The nomination comes at a pivotal moment for U.S. trade policy as the administration seeks to solidify a bipartisan consensus on economic security and supply chain resilience. Goettman, who previously served as the Chief Operating Officer of the Export-Import Bank of the United States (EXIM) and as Chief of Staff to Virginia Governor Glenn Youngkin, framed his approach through the lens of his personal upbringing in Springfield, Ohio. By using his hometown as a case study for the broader economic shifts in the American Rust Belt, Goettman argued that past trade agreements, specifically citing the North American Free Trade Agreement (NAFTA) and China’s entry into the World Trade Organization (WTO), necessitated a fundamental recalibration of how the U.S. interacts with global markets.
The Springfield Case Study and the Economic Context of Deindustrialization
A significant portion of Goettman’s opening statement was dedicated to the socio-economic transformation of Springfield, Ohio. He described the city of his youth as a thriving manufacturing center supported by thousands of high-wage jobs at iconic American firms. However, he provided stark data to illustrate the town’s decline: a 90 percent loss of manufacturing positions and a nearly 30 percent reduction in total population over several decades. This narrative served as a microcosm for the "hollowing out" of the American middle class, a theme that has become central to contemporary trade debates.
According to data from the Bureau of Labor Statistics and the U.S. Census Bureau, the trends Goettman highlighted in Springfield are reflected across much of the Midwest. Between 2000 and 2010 alone, the United States lost approximately 5.7 million manufacturing jobs. While some economists attribute these losses to automation, Goettman aligned himself with the school of thought—championed by former USTR Robert Lighthizer—that attributes a substantial portion of this decline to trade liberalization with low-wage nations and the failure to enforce trade rules against mercantilist actors.
Goettman’s focus on "reshoring" aligns with recent industrial policy shifts. The objective is not merely to increase trade volume but to ensure that the production of durable goods and critical infrastructure remains within U.S. borders or within trusted allied networks. If confirmed, Goettman would be tasked with using trade enforcement mechanisms to protect these domestic industries from foreign subsidies and dumping.
Professional Chronology and Strategic Mentorship
Goettman’s career trajectory provides insight into the likely execution of his duties at the USTR. His tenure as the Chief Operating Officer of the Export-Import Bank during the first Trump administration was a formative period. During this time, he worked closely with Robert Lighthizer, the chief architect of the 2018-2020 trade actions against China and the negotiation of the United States-Mexico-Canada Agreement (USMCA).

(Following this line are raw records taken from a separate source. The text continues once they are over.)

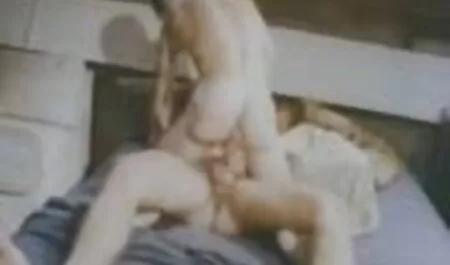 Per fisting, ha sviluppato una ragazza dalla vagina con novantenni porno un pene.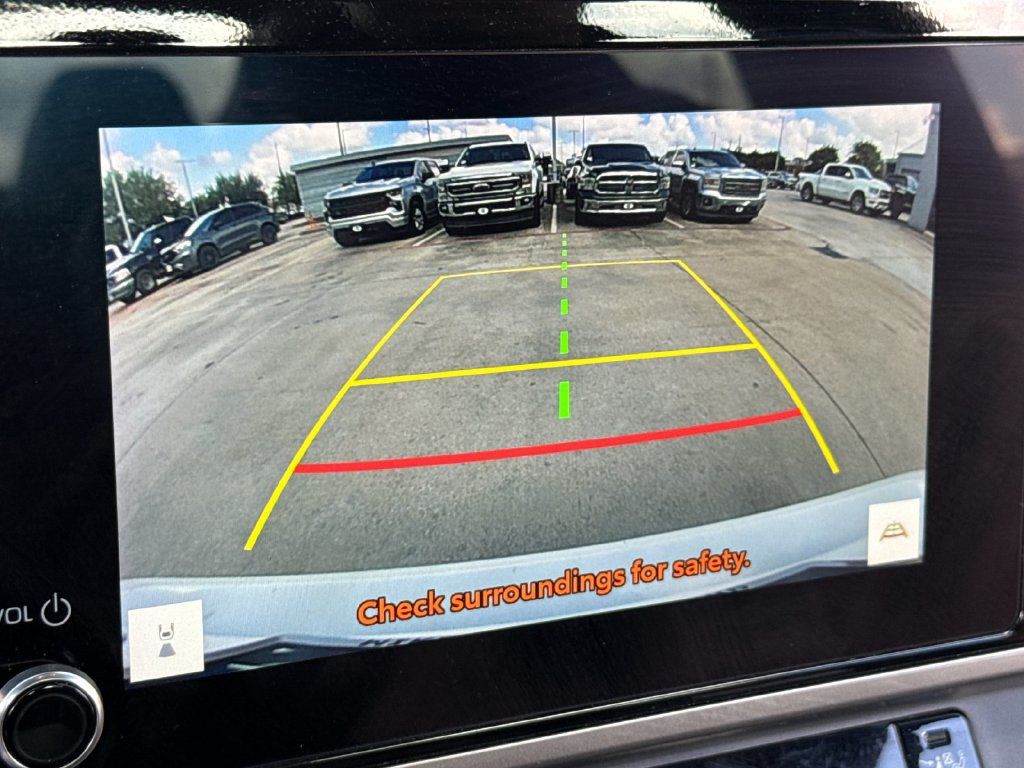 Used 2025 Toyota Camry SE FWD image 17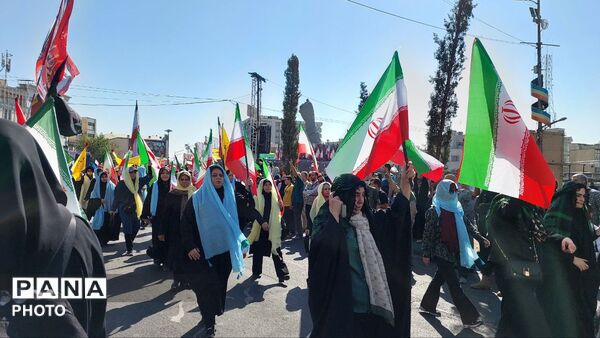 تهران در میان غرش ۳۱۳ هزار جان فدای بسیج سپاه محمد رسول‌الله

This period marked a shift in EXIM’s focus toward the "Program on China and Transformational Exports," a mandate designed to help U.S. exporters compete directly with Chinese state-backed financing.
Following his federal service, Goettman moved to the executive branch of Virginia’s state government, serving as Chief of Staff to Governor Glenn Youngkin. This role required navigating complex legislative environments and managing large-scale organizational structures, skills that are vital for the Deputy USTR role, which requires coordinating with various federal agencies, foreign governments, and the U.S. Congress.
Furthermore, Goettman highlighted his professional relationship with Jamieson Greer, the nominee for United States Trade Representative. Greer, a former protégé of Lighthizer, represents a continuation of the "America First" trade philosophy. Goettman’s testimony suggests a unified front at the USTR, characterized by a skeptical view of multilateral institutions like the WTO and a preference for bilateral negotiations and robust enforcement of existing trade laws.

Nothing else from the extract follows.